While the church didn't take an official stance against Darwin, its officials — in a widely publicized 1860 debate — made nasty arguments against his theory that species evolve through natural selection, the church says on its Web site. Today, some fundamentalist Christians argue that evolution can't co-exist with the biblical story of creation — a concept gaining new traction thanks to Republican vice presidential candidate Sarah Palin, who believes creationism should be taught along with evolution in schools.
Brown's statement, posted yesterday, reflects the church's position on Darwin but isn’t an official apology, the Church of England told the Associated Press. Pope John Paul II said in 1992 that the Catholic Church should say it was sorry for putting Galileo on trial over his assertion that Earth revolves around the sun.
Darwin's great-great grandson, Andrew Darwin, told Britain's Daily Mail on Saturday that he was "bemused" by the apology, which he described as "pointless."
"Why bother?" he told the newspaper. "When an apology is made after 200 years, it’s not so much to right a wrong, but to make the person or organization making the apology feel better."

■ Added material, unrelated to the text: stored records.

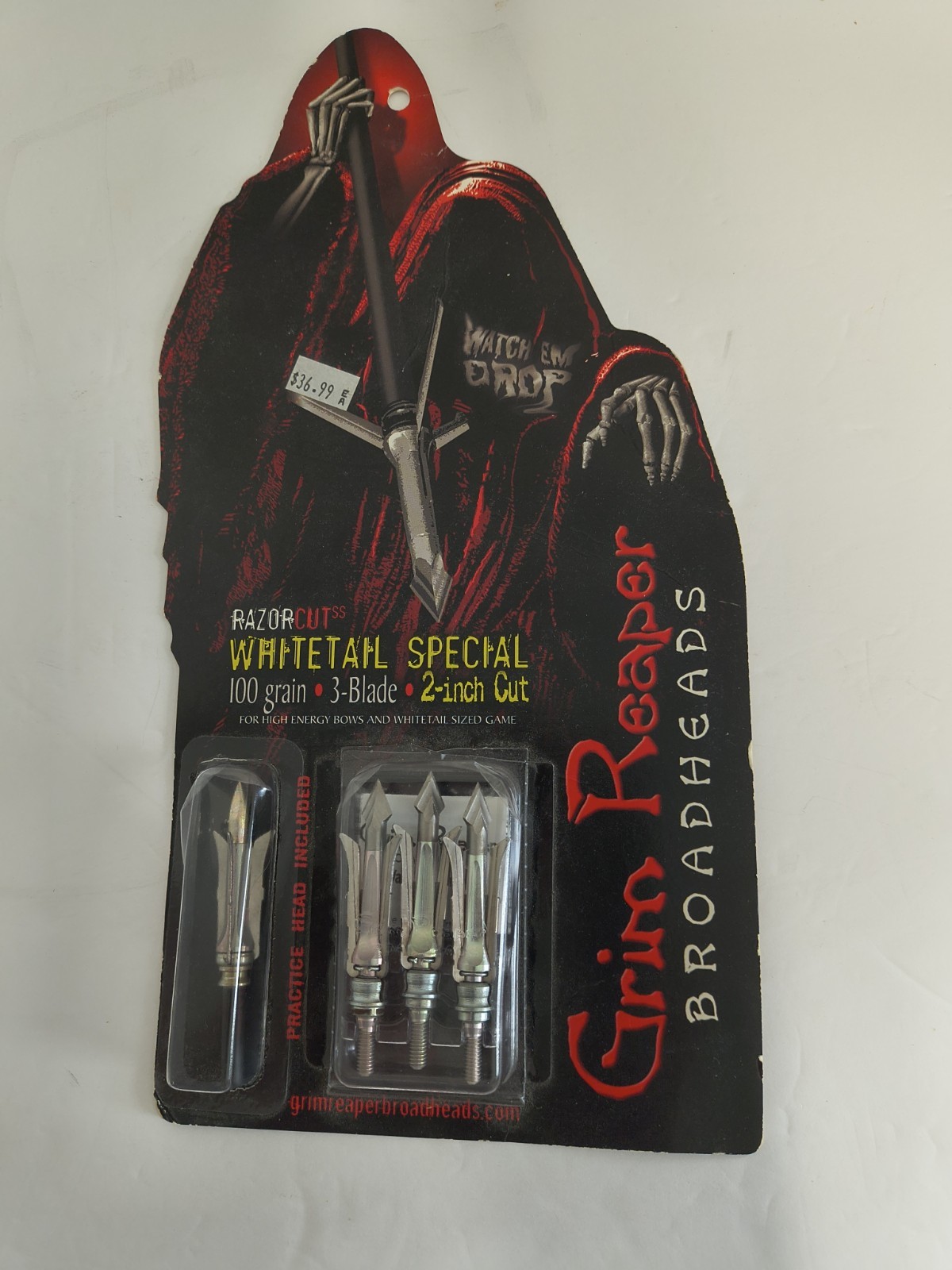 GRIM REAPER RAZOR CUT WHITETAIL BROADHEADS NEVER USED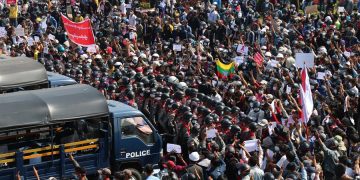 Birmania impone la ley marcial en varias ciudades ante crecientes protestas
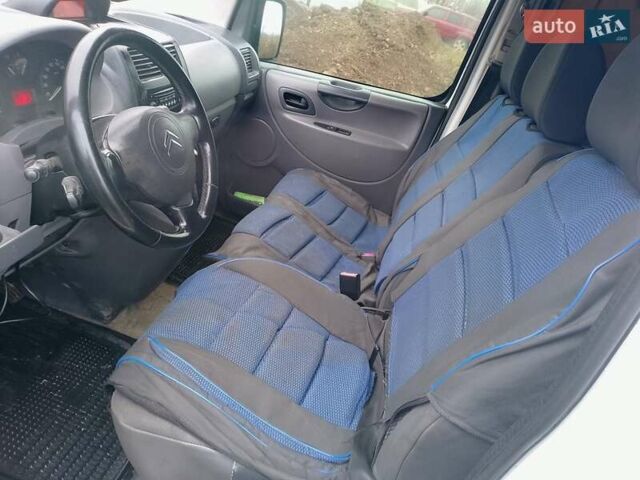 Белый Ситроен Jumpy, объемом двигателя 2 л и пробегом 300 тыс. км за 4700 $, фото 2 на Automoto.ua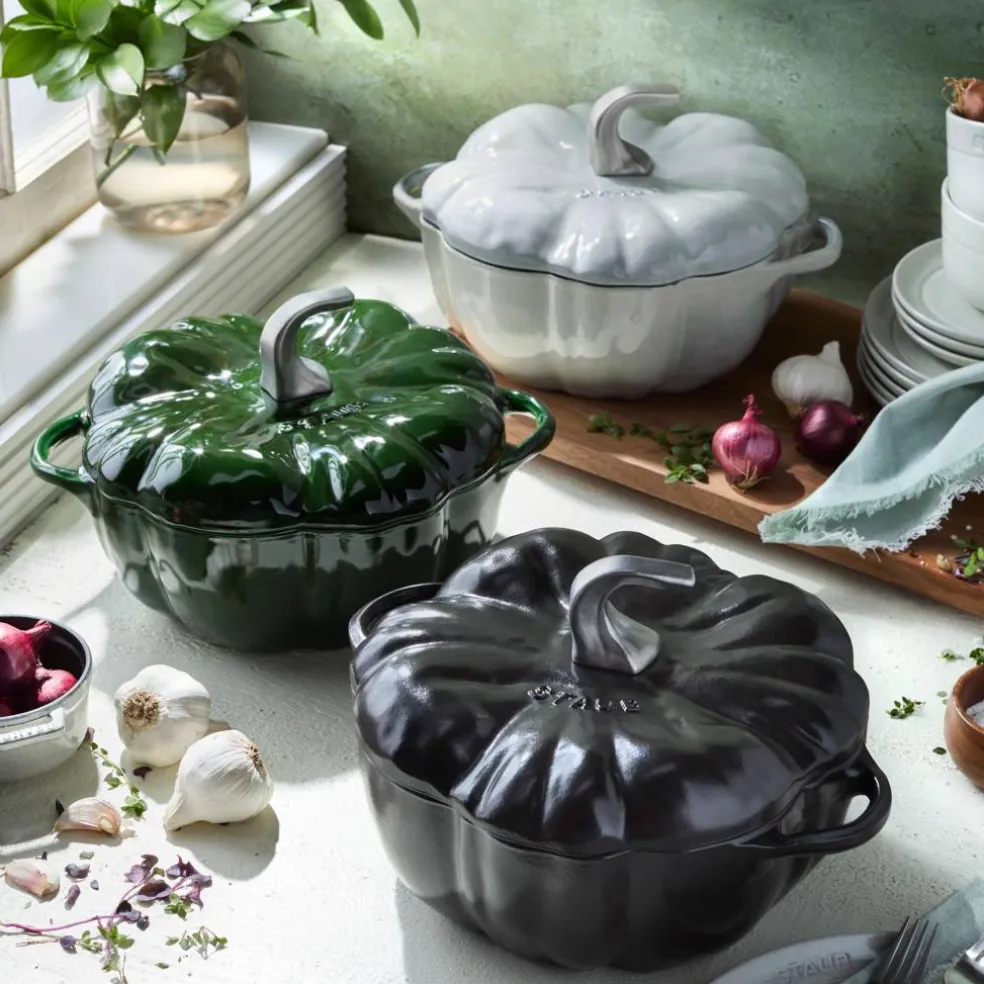 La Cocotte Gresskar støpejernsgryte 24 cm / 3,5 liter, svart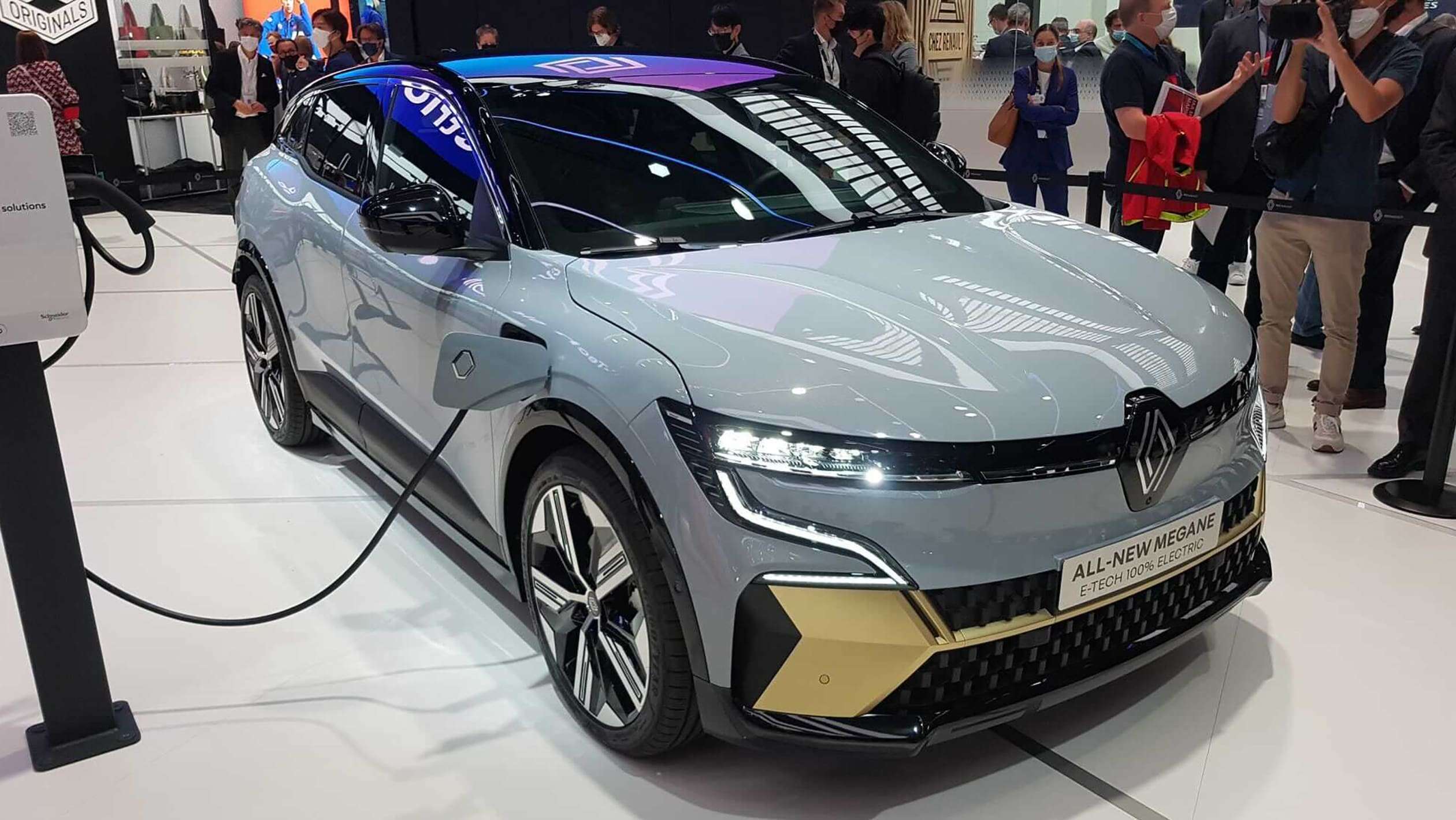 Рено 2022 года. Рено Меган электромобиль. Renault Megane e-Tech Electric 2022. Рено Меган 2021. Меган электрокар.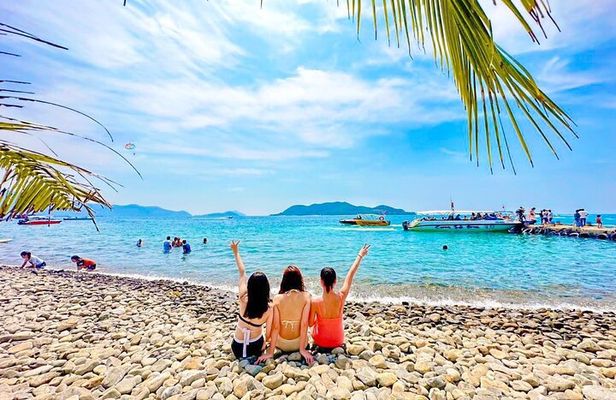 Nha Trang Mini Beach and 3 Islands Adventure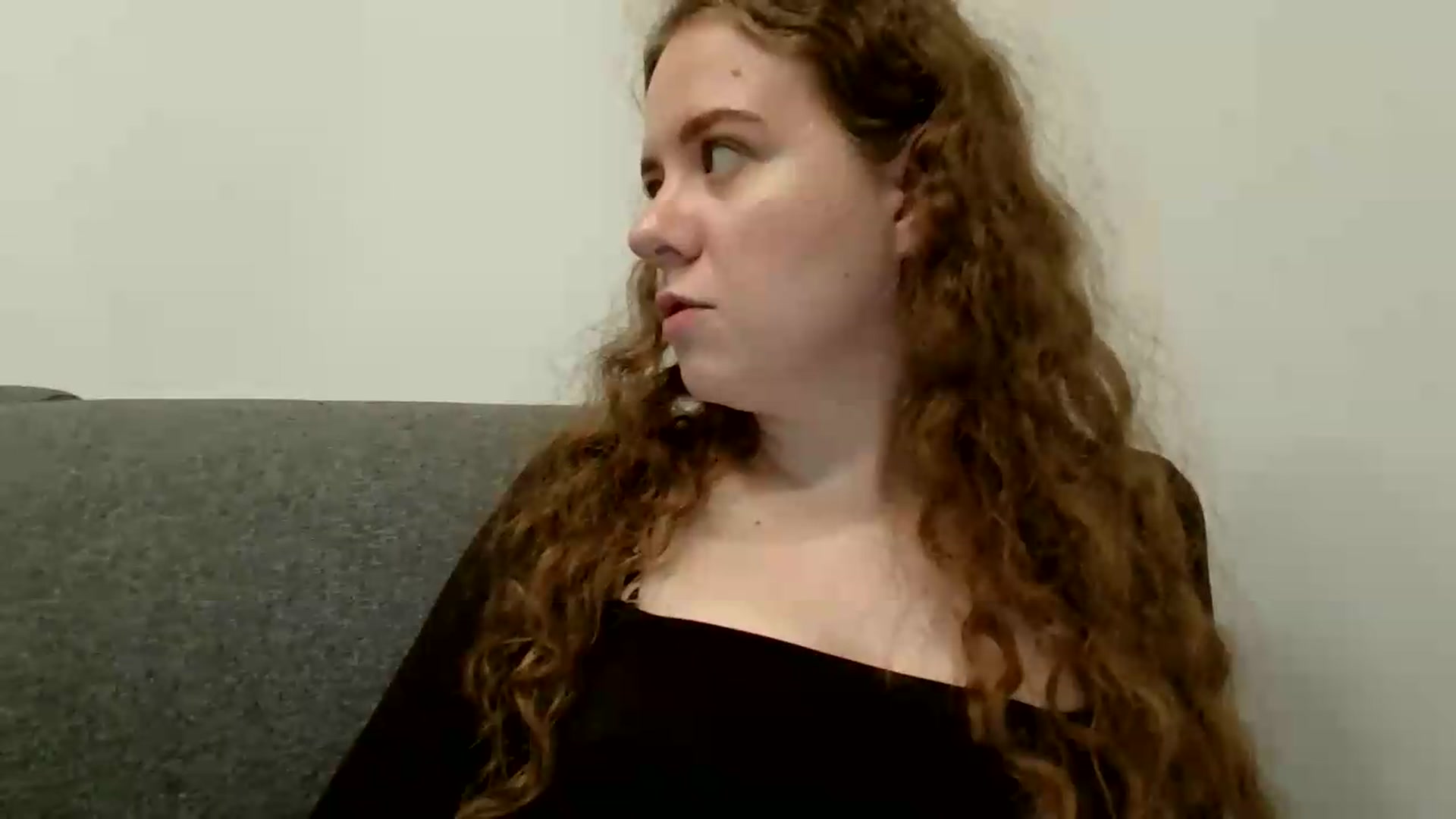 Gallery image thumbnail from BlueFlowerr's myfreecams stream on, 07/19/2026, 22:44 image 16 of 20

Updated 5:05 p.m. Sept. 16: The Vatican says Darwin's theories are compatible with the Bible, and doesn't plan any apology like the one a Church of England spokesman suggests the Anglican Church should offer, Reuters and DPA are reporting. "Maybe we should abandon the idea of issuing apologies as if history was a court eternally in session," said Archbishop Gianfranco Ravasi, the Vatican's culture minister. Darwin's theories, he said, were "never condemned by the Catholic Church nor was his book ever banned," according to Reuters.